- Special Sections
- Public Notices
We all hope our children do better than we did. That they are more successful, better looking, have more money, better behaved children, and overall a fuller life; well, maybe. Our definition of success may differ from our parents, and our children.
Some people have specific educational, job or financial goals for their kids. They have to go to the best school, to escape the shame of attending a – (gasp) - in state college. They have to be a doctor, and not just a doctor, but a specialist, preferably a specialty that not only pays big bucks, but does not require any of that “on call” nonsense. Or a lawyer; not just any kind of a lawyer, but a big time corporate lawyer with a big office and hefty bonuses. Oh, and certainly not the kind of lawyer that deals with criminals. And of course they have to make money; lots of money; preferably hundreds of thousands of dollars per year.
My definition of a child’s success is a bit different. First and foremost is that I don’t have to worry about them. By extension that means that they are self-sufficient, don’t have burdensome debt, are in stable relationships, and their family is healthy. Additionally they ought to be doing something they enjoy. Being self-sufficient and not being heavily in debt sometimes makes folks toil in jobs they dislike. They do it for their families. But we all know that the wrong job dynamics can destroy a family.
Many years ago a friend lost his job, with few prospects for an equivalent position. He was philosophical about the situation. He said “maybe what this family needs is a good dose of being poor”. I don’t think I agree with him. Someone famous once said “I’ve been rich and I’ve been poor: rich is better”. But that’s not always true either. We all know people who because they have money let their kids slide. Not requiring them to have a job, covering for their mistakes, buying their way out of trouble, buying them fancy cars and elaborate vacations. Even with all these benefits, many of them end up floundering.
However; if you expect your children to fare better than you, they better have better job skills than you do; better ambition; better performance. The days of earning a decent living without marketable job skills is over. The path to financial freedom, which drives so much of our lives, will not be navigated by youth whose skill set, can be replaced by a kiosk or a robot. Gone is the time when a factory job would take you to the Promised Land of a nice house, nice car, a good pension, money in the bank, and financial freedom. We can whine about why, but those days are gone.
Don’t get me wrong, there is nothing wrong with working in a factory, or any other job that requires hard work; but unless the job rewards hard work with promotion potential, or additional compensation; ultimately you can be replaced by technology.

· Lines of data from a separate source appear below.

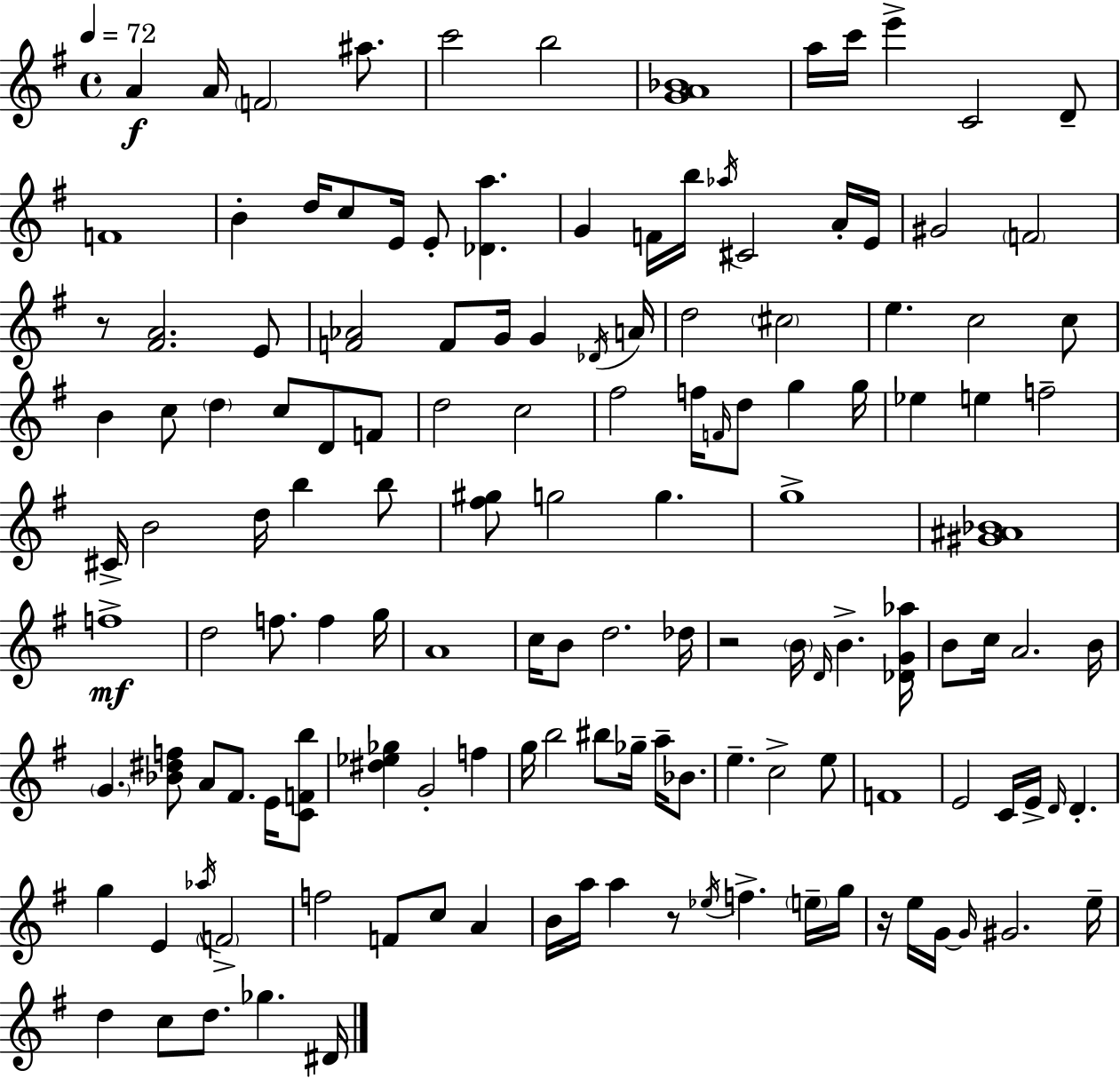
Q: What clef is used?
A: treble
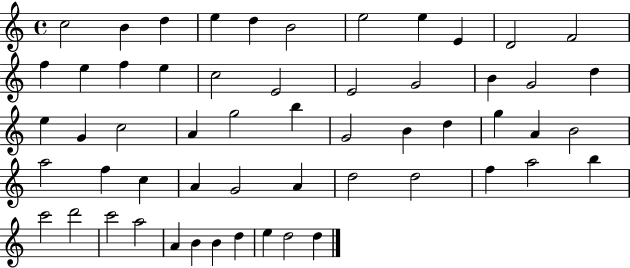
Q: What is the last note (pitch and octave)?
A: D5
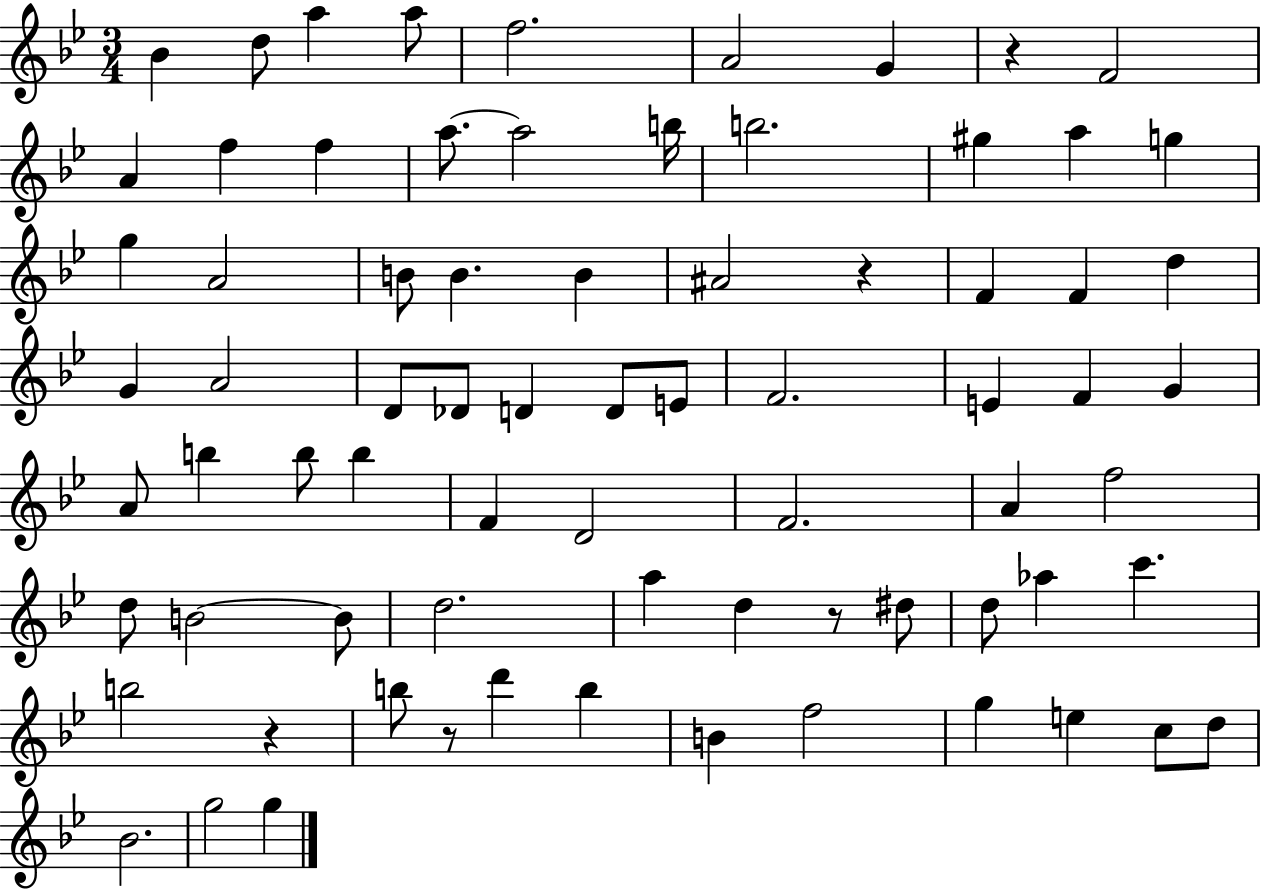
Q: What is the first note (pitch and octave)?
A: Bb4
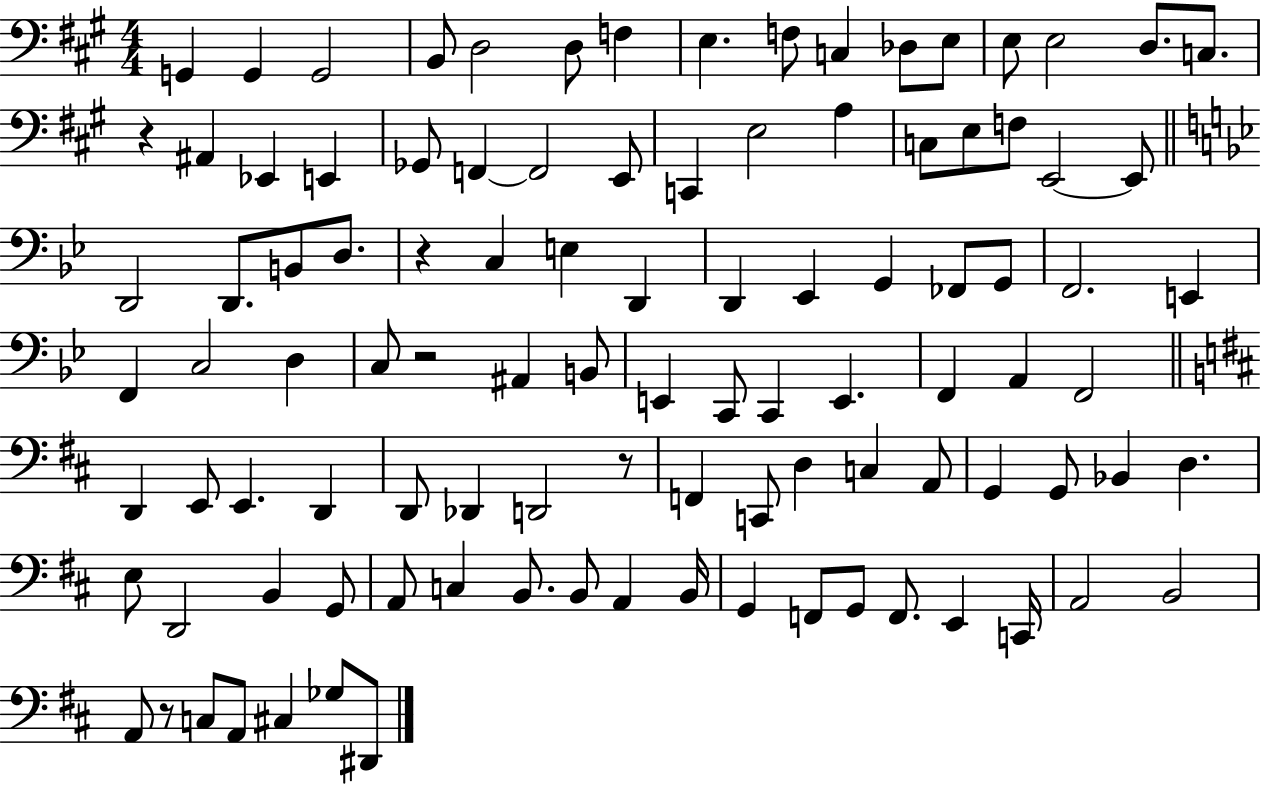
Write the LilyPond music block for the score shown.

{
  \clef bass
  \numericTimeSignature
  \time 4/4
  \key a \major
  g,4 g,4 g,2 | b,8 d2 d8 f4 | e4. f8 c4 des8 e8 | e8 e2 d8. c8. | \break r4 ais,4 ees,4 e,4 | ges,8 f,4~~ f,2 e,8 | c,4 e2 a4 | c8 e8 f8 e,2~~ e,8 | \break \bar "||" \break \key bes \major d,2 d,8. b,8 d8. | r4 c4 e4 d,4 | d,4 ees,4 g,4 fes,8 g,8 | f,2. e,4 | \break f,4 c2 d4 | c8 r2 ais,4 b,8 | e,4 c,8 c,4 e,4. | f,4 a,4 f,2 | \break \bar "||" \break \key d \major d,4 e,8 e,4. d,4 | d,8 des,4 d,2 r8 | f,4 c,8 d4 c4 a,8 | g,4 g,8 bes,4 d4. | \break e8 d,2 b,4 g,8 | a,8 c4 b,8. b,8 a,4 b,16 | g,4 f,8 g,8 f,8. e,4 c,16 | a,2 b,2 | \break a,8 r8 c8 a,8 cis4 ges8 dis,8 | \bar "|."
}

And in spite of everything we do to try to prepare our kids, to instill a work ethic, to teach them respect, to set good examples, sometimes we fail. Sometimes they just don’t get it. You have to give it your best effort and turn them loose into the world.
In my personal situation, I am very lucky. My son and his family are all that I can hope for. The depth of their understanding of what is important, and what constitutes success was summed up by Sophia, my soon to be 8 year old granddaughter. For doing some chores in the house, she receives the sum of $.75 per week. She explained to me that she can spend $.25, she has to save $.25, and she is to give away $.25. How better to understand the importance of earning, thrift, and generosity.